The "Yaniro", also known as a figure-four, is a climbing technique that entails placing one leg above one's opposite elbow to reach a distant handhold. It is a useful technique in situations when there is a lack of obvious foot holds, while wearing crampons, or when ice climbing with only small holds available. It is claimed that the technique was originally performed by Patrick Berhault while traversing La Loubière in 1979. Yaniro popularized the move when he used it on the ascent of Chouca (8a+) in Buoux in the late 1980s at the suggestion of Darius Azin. Afterwards, the move, and its association with Yaniro particularly, became well known in rock climbing circles in France. Elsewhere, the move is more commonly known as a figure-four.

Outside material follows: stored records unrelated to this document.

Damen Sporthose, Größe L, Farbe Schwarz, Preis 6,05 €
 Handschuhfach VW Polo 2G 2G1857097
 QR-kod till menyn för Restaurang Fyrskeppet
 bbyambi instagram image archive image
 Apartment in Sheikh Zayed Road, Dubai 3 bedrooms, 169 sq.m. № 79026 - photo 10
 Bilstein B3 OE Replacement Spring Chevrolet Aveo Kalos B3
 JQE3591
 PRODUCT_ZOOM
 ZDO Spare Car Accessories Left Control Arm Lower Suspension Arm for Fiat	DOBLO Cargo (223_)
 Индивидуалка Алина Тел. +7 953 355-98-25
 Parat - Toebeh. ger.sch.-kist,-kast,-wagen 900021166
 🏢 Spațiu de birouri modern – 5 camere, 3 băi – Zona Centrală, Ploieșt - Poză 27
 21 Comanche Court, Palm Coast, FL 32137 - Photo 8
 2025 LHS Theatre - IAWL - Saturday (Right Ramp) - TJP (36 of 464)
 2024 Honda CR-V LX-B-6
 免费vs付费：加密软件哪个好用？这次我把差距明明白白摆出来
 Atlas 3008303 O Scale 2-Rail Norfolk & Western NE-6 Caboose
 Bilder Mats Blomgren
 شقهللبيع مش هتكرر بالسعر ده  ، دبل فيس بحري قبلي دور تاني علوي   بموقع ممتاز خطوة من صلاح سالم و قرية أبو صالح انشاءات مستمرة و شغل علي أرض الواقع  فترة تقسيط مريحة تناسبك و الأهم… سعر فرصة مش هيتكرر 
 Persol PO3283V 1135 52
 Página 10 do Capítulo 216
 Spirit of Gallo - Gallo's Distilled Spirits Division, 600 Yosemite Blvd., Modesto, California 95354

===Pioneer in training techniques===

Yaniro also distinguished himself from traditionalists through gym training and preparing extensively in advance of his climbs, in the manner of Wolfgang Gullich in Europe.

In the 1980s, Yaniro and fellow climber Randy Leavitt found an empty parking structure outside of Los Angeles which they used as a makeshift climbing lab to test out new moves and build up their skills prior to climbs. It was in the parking structure gym that Yaniro and Leavitt developed the "Leavittation", a climbing move that involved using a lower limb to gain leverage to climb a horizontal off-width. Another technique of Yaniro's involved wedging one's head and closed fist together in a crack, to gain leverage to pull upwards.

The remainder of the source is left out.